Nearly half of businesses are in some phase of preparing to update desktops to Windows Vista, with small businesses moving the fastest to implement the OS, according to a new report released Monday.
The number of organizations evaluating and testing Vista increased from 29 percent in February 2007 to 48 percent by early November 2007, found the report, commissioned by reseller CDW and based on information collected by Walker Information from 772 IT decision makers. Moreover, about 35 percent of companies are currently implementing or have implemented Vista already, compared to 12 percent last February, the report said.
The report is the third of a wave of reports on Vista adoption that CDW has done since the OS was in its final testing phases in October 2006. In the latest phase of release, which tracked Vista adoption from October 31 until Nov. 7, 2007, small businesses comprised 53 percent of those companies either using or evaluating Vista. The higher-education segment came in second, with 49 percent reporting that they are evaluating or using the OS, while medium-to-large businesses were third, with 48 percent.
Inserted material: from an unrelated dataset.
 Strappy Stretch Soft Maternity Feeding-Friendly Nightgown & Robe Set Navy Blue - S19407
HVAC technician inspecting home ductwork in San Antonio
Because of lingering hardware and application compatibility issues between existing company IT assets and Vista, CDW still advises customers to move to Vista on a case-by-case basis, said David Cottingham, director of product and partner management at CDW. In the case of small businesses, they may not have the application or hardware dependencies on Windows XP that larger businesses have.
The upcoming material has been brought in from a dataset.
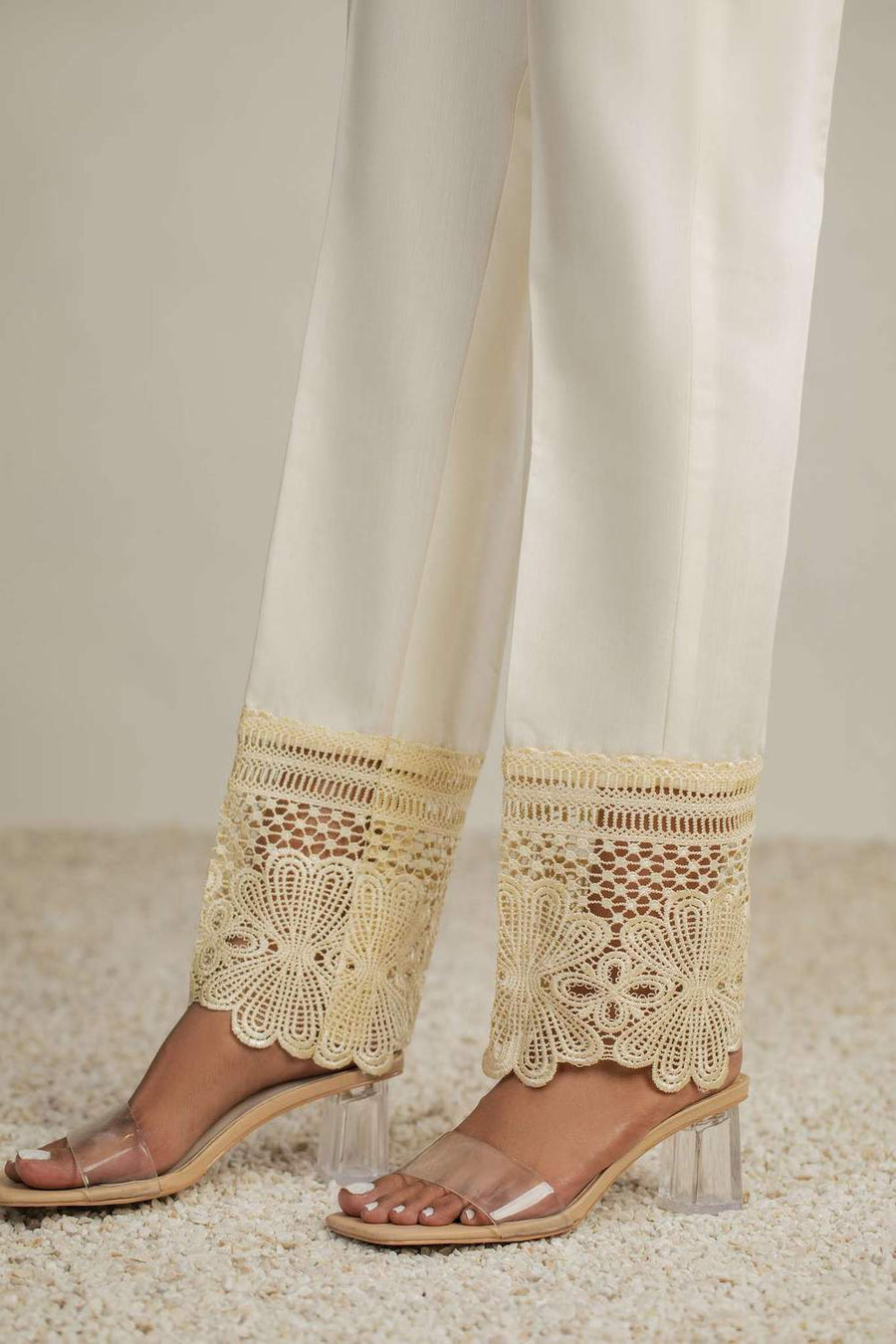 Nuriyaa Cambric Pret Trousers - CROCHET PANTS - FaisalFabrics.pk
“There are still definitely concerns when you get into custom applications in industries that will run on XP,” he said. “If [companies] have custom applications that don’t run on Vista yet, they’re going to stay on XP.”
CDW is still selling both XP and Vista, but Cottingham said the company does not have data on which version of the OS is selling more now that Vista has been available to businesses for more than a year. In September, Microsoft had to extend the OEM (original equipment manufacturer) license for XP for five more months through June 30, 2008, because of customer demand for the OS. Microsoft had planned to stop selling XP through OEMs and retailers on Jan. 31.
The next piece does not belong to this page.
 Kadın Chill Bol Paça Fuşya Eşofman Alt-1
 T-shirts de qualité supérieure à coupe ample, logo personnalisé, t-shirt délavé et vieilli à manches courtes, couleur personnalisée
For its part, Microsoft has made strides to resolve compatibility issues with updates to Vista, and the numbers from CDW’s survey seem to reflect that. In February, 50 percent of companies said they were buying additional hardware and software assets to migrate to Vista; by November, that number was down to 44 percent.
Many believe it’s inevitable that any businesses currently running XP will eventually move to Vista; it’s just a matter of when. The release of Vista Service Pack 1 (SP1), which is scheduled to be generally available by the end of March, should serve to increase the numbers of companies adopting Vista. Microsoft on Friday issued a public refresh of the first release candidate for SP1, which suggests the software update will be in its final release according to schedule.
However, there is some belief among industry watchers that if Microsoft releases the next version of Windows, code-named Windows Vista 7, by its target of late next year to early 2010, some businesses may opt to skip Vista and move directly from XP to Windows 7 instead.